Tuesday was election day, and Texans across the State went to the polls to cast their votes on fourteen constitutional amendments, various local propositions, and a scattering of elections for office.
Let’s briefly look at the election day results and see where taxpayers stand as the dust settles.
One of the high points of the night was the TFR-endorsed candidate for the open seat in House District 2, Brent Money, taking first place in a crowded, six-person race.
Brent Money far outperformed his opponents, receiving almost 32 percent of the vote, with second-place finisher Jill Dutton receiving roughly 25 percent of the vote.
Money and Dutton will face each other in a runoff election that Governor Greg Abbott will set.
Statewide voters also approved Proposition 4, the amendment implementing the property tax relief package passed by the Legislature earlier this year during the second-called special session. While there were unfortunate claims from many politicians that this was the largest property new tax relief ever at $18 billion, that claim turned out to be false. The largest new relief was in 2008 at roughly $14 billion. Proposition 4 only provided $12.7 billion, as is detailed in the legislation’s fiscal note, making it the second largest in history, missing expectations and falling far short of promises.
Proposition 4 should provide some temporary relief for some taxpayers, but many will see their relief evaporate over the next couple of years as local budgets and appraisals continue to rise.
Also, one of the constitutional amendment propositions that was opposed by TFR, Proposition 13, which would have raised the mandatory retirement age for Judges and Justices in Texas, was shot down by Texas voters, with nearly 63 percent voting against the measure.
The bad news for taxpayers is that many propositions that will either raise taxes or will misuse billions of dollars of taxpayer money thereby, continuing to grow government, were passed as well.

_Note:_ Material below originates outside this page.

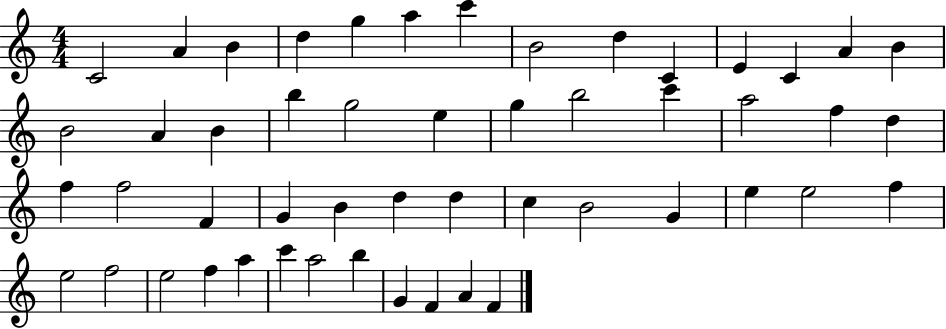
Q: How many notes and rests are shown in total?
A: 51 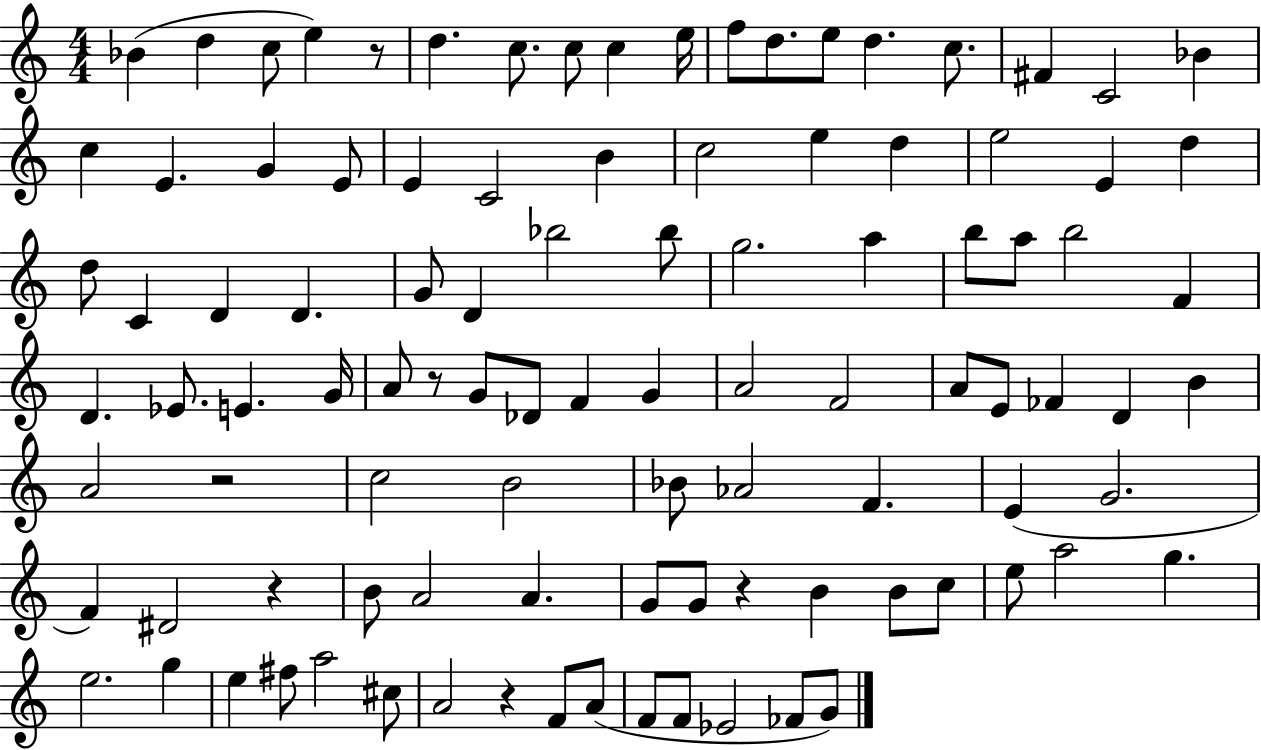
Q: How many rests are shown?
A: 6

Propositions 2 and 10, passed yesterday. Both will provide property tax exemptions to certain types of businesses and will raise the property burden on homeowners and other businesses that don’t receive such exemptions.
Billions of dollars in new spending, such as $1.5 billion in corporate welfare for broadband companies and $1 billion for state parks, were also passed; money that could have and should have been used for property tax relief.
An ugly and often overlooked issue that garnered far less attention than the constitutional amendments and some local races, were the billions of dollars worth of local government and ISD bonds that were passed around the state.
These bonds range from bonds for park improvements to new athletic facilities for schools.
These Bonds, a type of debt that must be paid off with property taxes, will inevitably raise the property tax burden on Texans, adding to the crushing tax burden of homeowners and small businesses alike.
Overall, despite a few wins at the ballot box, it was not a very good night for Texas taxpayers, most of whom will continue to suffer under the ever-growing and ever-burdensome might of taxes and government.